The Second Edition is out!
Visit designinginterfaces.com to read excerpts and learn more.

Intriguing Branches


From http://kuro5hin.org

What:

Place links to interesting content in unexpected places, and label them in a way that attracts the curious user.

Use when:

The user moves along a linear path -- a text narrative, a well-defined task, a slideshow, a Flash movie, etc. You want to present additional content that's not the main focus of attention, however. It might be information tangential to a story, as in the example above. It might be supporting text -- examples, explanations of concepts, definitions of terms -- or full-fledged help text. Or it could be hidden functionality, like an "Easter egg."

In any case, you want a graceful way of presenting the content so it's ignorable by users trying to get something done quickly, but still available to users for whom it's appropriate.

Why:

People are curious. If they see something that looks interesting, and they have the time and initiative to check it out, they will. Web surfing would never have become popular without this natural curiosity and willingness to follow links into the unknown. Skillful and playful use of Intriguing Branches can make your interface more fun.

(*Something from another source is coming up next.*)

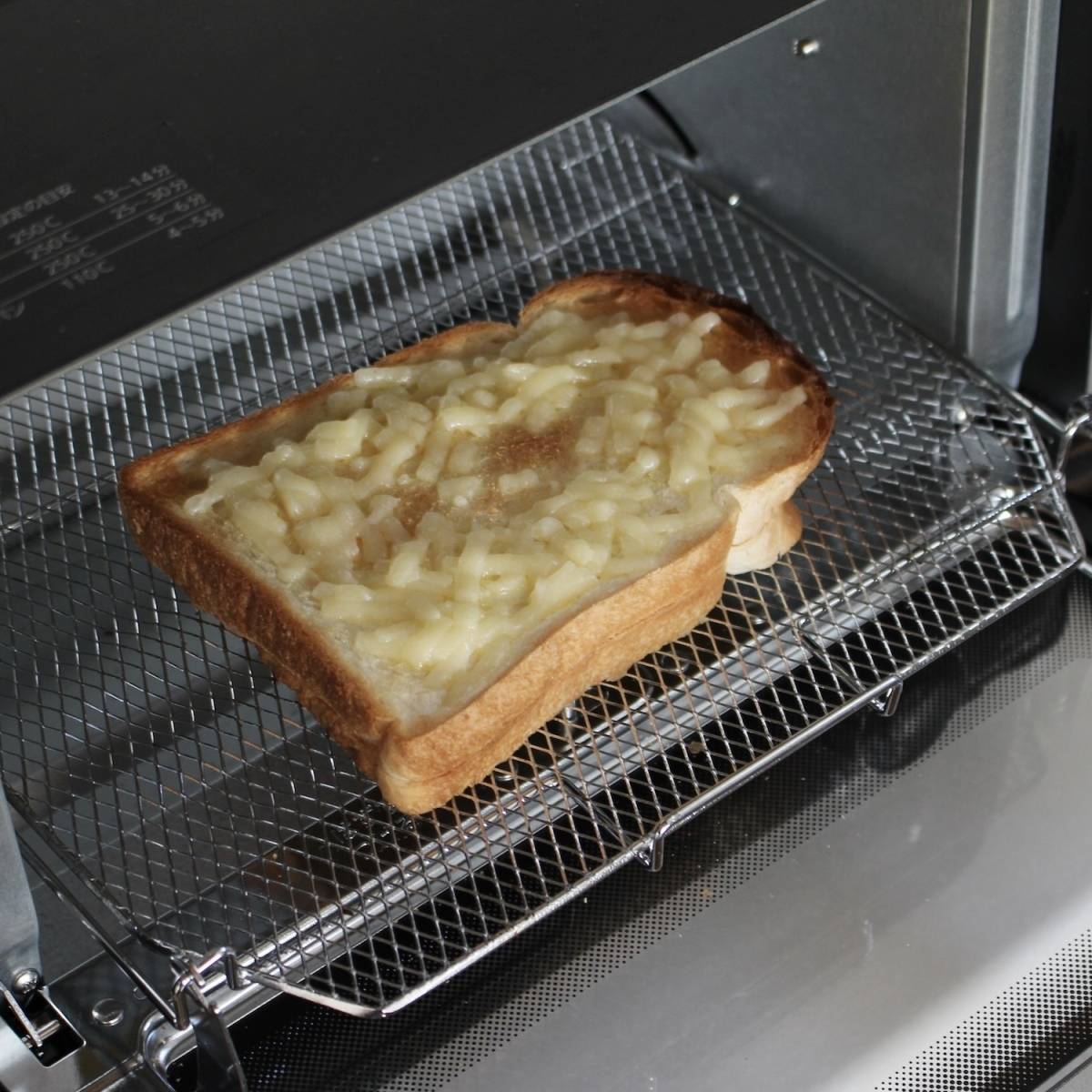 パスコ公式の「ベーコンエッグトースト」のレシピ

A tradition of creating Intriguing Branches as inline links (also known as "embedded links") already is well-established on the Web. But functional applications might provide a more interesting use of it. It's well-known that users tend to ignore stuff labeled as "Help." But what if you put help-like content behind links (or buttons, or icons) that were labeled in some other way, like "Learn more..."? You can exploit users' natural curiosity to get them into a place where they can learn what they need.

How:

Start with a deep understanding of your users. What might interest them? Where in the interface are they likely to take time to explore something further, and where do they just need to get something done?

Create "doors" into the supplemental content that would appeal to users. These doors might be underlined links (even in desktop applications), headlines, buttons, menu items, icons, or clickable image regions -- it's up to you to figure out how to label them in such a way as to inspire curiosity. There's an art to it. When in doubt, usability-test it with a representative sample of your user base.

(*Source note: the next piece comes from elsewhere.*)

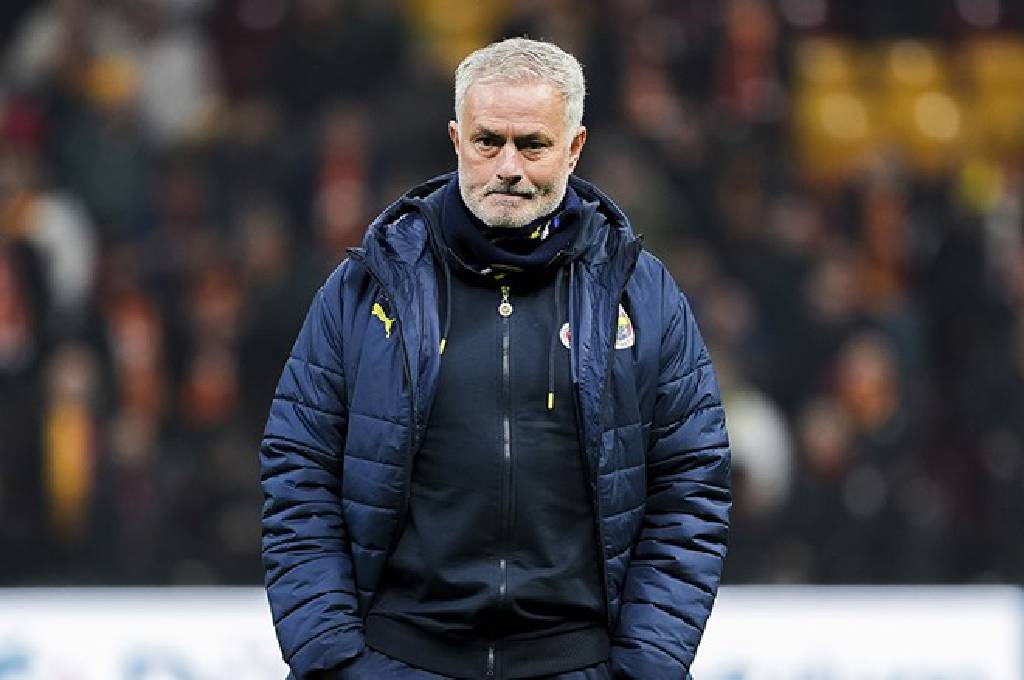 Galatasaray'ın Jose Mourinho için suç duyurusu dünya basınında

With particularly obscure affordances, like icons or images, you might want to add tooltips or some other kind of short description to inform the user where they might be going when they click on it. (With an Easter egg, though, its very non-obviousness is part of the fun.)

Also, provide an obvious way for the user to get back to their original workflow. The idea is to persuade users to read the branch content, and then go back to what they were originally doing; don't get them stranded in a backwater! Pop-up windows should provide "Close" buttons, and new pages in a browser-like UI should provide "Back" links or buttons.

Examples:


From Gmail

Gmail's settings page offers links that are clearly help-related, but are phrased as suggestions, not as "help." Here, a "Learn more" link is under the Keyboard Shortcuts caption. This is akin to other forms of context-sensitive help, like pop-up menus, help buttons, and function keys. "Learn more" is an active phrase, unlike "Help," though, and it's clearly visible on the page, unlike menus and function keys. One can assume that it opens yet another web page, so its operation is entirely predictable.


From http://flickr.com

Browsing photos in Flickr is often an exercise in following various intriguing branches -- it offers "side trips" into other photostreams, image sets, and groups of images with common tags. The result is a thoroughly engaging (and popular) user experience.